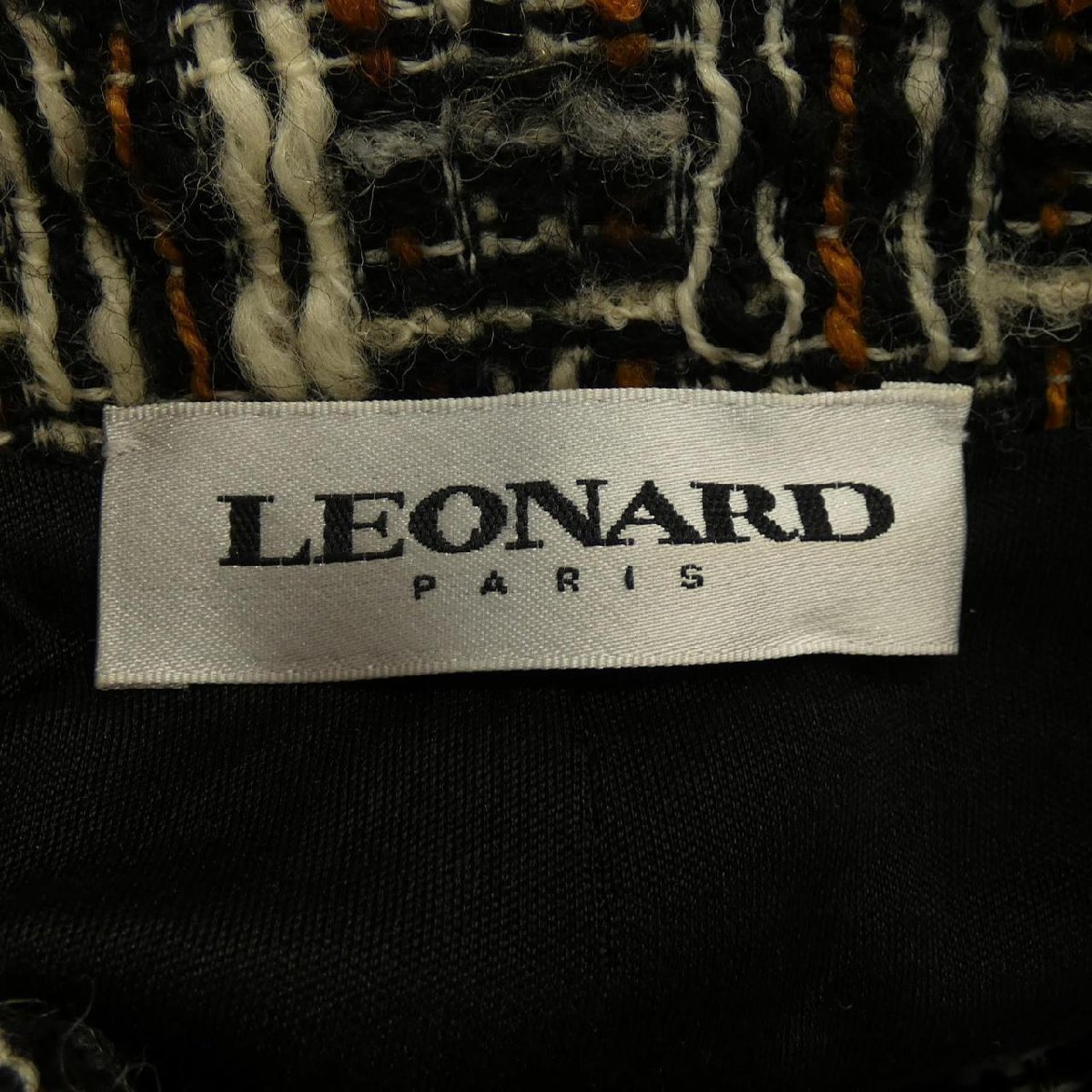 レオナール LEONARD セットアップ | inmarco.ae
● ● ● ● ●
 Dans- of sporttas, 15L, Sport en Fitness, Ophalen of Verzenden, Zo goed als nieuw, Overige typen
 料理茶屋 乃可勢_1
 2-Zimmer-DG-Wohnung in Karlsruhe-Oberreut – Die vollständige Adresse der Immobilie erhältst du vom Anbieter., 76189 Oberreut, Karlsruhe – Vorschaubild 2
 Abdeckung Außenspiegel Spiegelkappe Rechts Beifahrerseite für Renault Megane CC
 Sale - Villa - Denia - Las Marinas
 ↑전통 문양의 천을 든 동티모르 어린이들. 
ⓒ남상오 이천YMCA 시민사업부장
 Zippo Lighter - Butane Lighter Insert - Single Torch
● ● ● ● ●
Work instructions - Reproduce exactly the lines above from the line with "Sale - Villa - Denia - Las Marinas" to the line with "Zippo Lighter - Butane", including both, and add nothing.

Finished task -
 Sale - Villa - Denia - Las Marinas
 ↑전통 문양의 천을 든 동티모르 어린이들. 
ⓒ남상오 이천YMCA 시민사업부장
 Zippo Lighter - Butane Lighter Insert - Single Torch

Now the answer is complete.